__ENTRIES PROVIDED__.
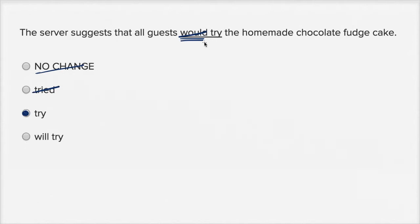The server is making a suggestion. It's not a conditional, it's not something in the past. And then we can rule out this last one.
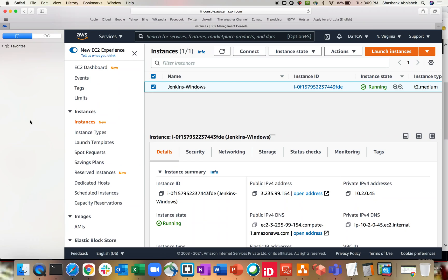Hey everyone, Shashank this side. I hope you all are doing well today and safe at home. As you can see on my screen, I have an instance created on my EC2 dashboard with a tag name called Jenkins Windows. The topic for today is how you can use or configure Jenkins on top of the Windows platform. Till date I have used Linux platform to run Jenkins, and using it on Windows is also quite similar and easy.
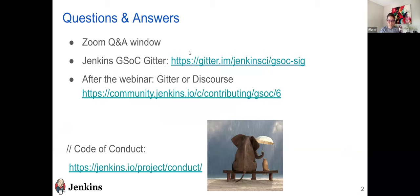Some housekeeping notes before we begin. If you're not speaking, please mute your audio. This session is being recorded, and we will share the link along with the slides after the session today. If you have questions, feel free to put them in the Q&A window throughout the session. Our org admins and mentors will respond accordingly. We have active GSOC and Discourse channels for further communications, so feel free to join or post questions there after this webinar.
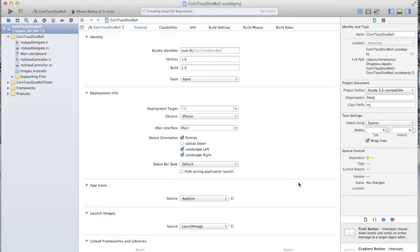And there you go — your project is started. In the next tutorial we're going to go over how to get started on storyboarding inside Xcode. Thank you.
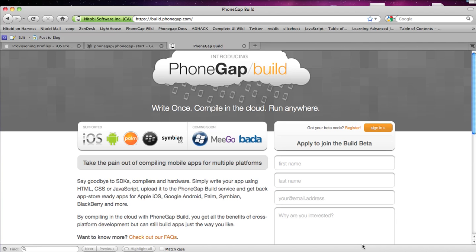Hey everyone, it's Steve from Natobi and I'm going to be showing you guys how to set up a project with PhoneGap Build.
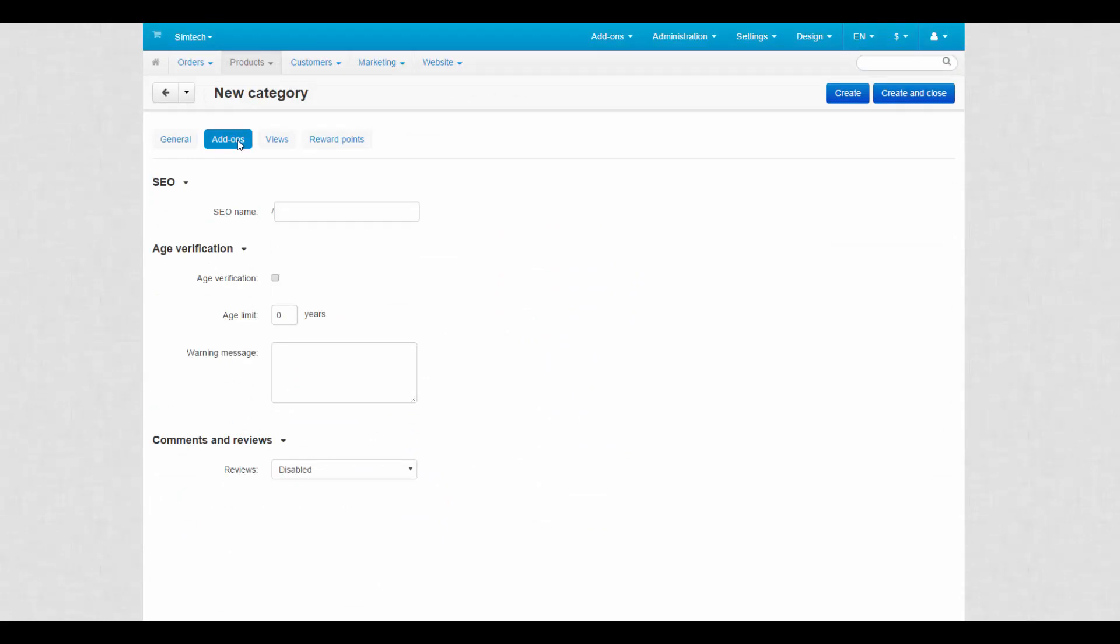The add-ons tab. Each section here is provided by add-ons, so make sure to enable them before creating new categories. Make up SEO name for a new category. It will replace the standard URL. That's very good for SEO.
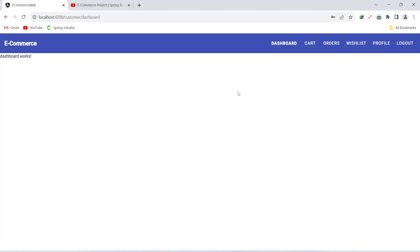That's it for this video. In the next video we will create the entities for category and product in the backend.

__WORK INSTRUCTION__. From the line with "Hey everyone, it's" to the last line of the material, both inclusive, set down every line exactly and nothing else; omit pictures.

__ANSWER SECTION__.
Hey everyone, it's Steve from Natobi and I'm going to be showing you guys how to set up a project with PhoneGap Build.
The add-ons tab. Each section here is provided by add-ons, so make sure to enable them before creating new categories. Make up SEO name for a new category. It will replace the standard URL. That's very good for SEO.
That's it for this video. In the next video we will create the entities for category and product in the backend.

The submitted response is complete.